| Supplied material |
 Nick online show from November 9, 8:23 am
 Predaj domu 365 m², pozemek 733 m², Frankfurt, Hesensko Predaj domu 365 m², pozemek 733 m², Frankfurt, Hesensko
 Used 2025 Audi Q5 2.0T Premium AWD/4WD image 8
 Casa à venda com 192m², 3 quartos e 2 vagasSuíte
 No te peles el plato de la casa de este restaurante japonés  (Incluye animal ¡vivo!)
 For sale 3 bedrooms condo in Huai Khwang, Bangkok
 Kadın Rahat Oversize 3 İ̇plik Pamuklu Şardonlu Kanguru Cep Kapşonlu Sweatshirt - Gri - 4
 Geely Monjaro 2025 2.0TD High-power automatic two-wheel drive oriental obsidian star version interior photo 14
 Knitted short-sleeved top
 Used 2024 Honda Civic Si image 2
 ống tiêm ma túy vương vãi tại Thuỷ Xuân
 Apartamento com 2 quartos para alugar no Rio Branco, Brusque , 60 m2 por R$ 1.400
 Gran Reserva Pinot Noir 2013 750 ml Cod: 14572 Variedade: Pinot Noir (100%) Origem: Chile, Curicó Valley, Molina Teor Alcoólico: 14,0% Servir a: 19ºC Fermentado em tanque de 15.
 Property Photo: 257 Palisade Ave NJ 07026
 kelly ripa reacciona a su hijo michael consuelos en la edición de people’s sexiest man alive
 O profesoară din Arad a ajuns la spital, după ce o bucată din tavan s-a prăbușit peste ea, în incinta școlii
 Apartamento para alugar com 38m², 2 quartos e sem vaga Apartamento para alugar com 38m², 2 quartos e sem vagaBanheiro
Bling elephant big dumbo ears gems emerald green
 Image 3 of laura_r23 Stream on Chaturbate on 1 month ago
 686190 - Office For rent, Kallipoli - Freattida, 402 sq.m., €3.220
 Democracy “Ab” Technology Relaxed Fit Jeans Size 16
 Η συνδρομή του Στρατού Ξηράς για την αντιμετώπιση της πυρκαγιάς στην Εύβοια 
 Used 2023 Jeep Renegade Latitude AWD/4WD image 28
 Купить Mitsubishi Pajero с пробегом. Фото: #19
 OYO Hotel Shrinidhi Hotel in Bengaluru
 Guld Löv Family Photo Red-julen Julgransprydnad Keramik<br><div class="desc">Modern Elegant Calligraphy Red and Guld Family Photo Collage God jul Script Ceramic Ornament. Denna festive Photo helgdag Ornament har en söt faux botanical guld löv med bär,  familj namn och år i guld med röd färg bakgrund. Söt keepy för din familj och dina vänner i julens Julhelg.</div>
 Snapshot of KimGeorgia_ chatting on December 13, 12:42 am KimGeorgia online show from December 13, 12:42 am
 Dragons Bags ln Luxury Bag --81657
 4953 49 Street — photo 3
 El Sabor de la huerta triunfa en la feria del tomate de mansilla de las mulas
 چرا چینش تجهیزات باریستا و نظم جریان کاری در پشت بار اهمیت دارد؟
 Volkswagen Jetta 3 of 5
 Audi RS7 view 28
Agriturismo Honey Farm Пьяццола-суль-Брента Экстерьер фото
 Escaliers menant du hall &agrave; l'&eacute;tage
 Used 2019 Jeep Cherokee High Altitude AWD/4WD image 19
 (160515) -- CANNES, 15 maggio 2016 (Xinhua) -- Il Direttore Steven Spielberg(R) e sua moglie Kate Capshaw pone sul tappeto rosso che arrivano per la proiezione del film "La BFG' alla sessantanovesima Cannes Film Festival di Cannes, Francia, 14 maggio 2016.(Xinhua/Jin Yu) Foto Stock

| The task |
Send back an exact copy of only the lines from the line with "O profesoară din" up to and including the line with "Bling elephant big" in the data above.

| Task answer |
 O profesoară din Arad a ajuns la spital, după ce o bucată din tavan s-a prăbușit peste ea, în incinta școlii
 Apartamento para alugar com 38m², 2 quartos e sem vaga Apartamento para alugar com 38m², 2 quartos e sem vagaBanheiro
Bling elephant big dumbo ears gems emerald green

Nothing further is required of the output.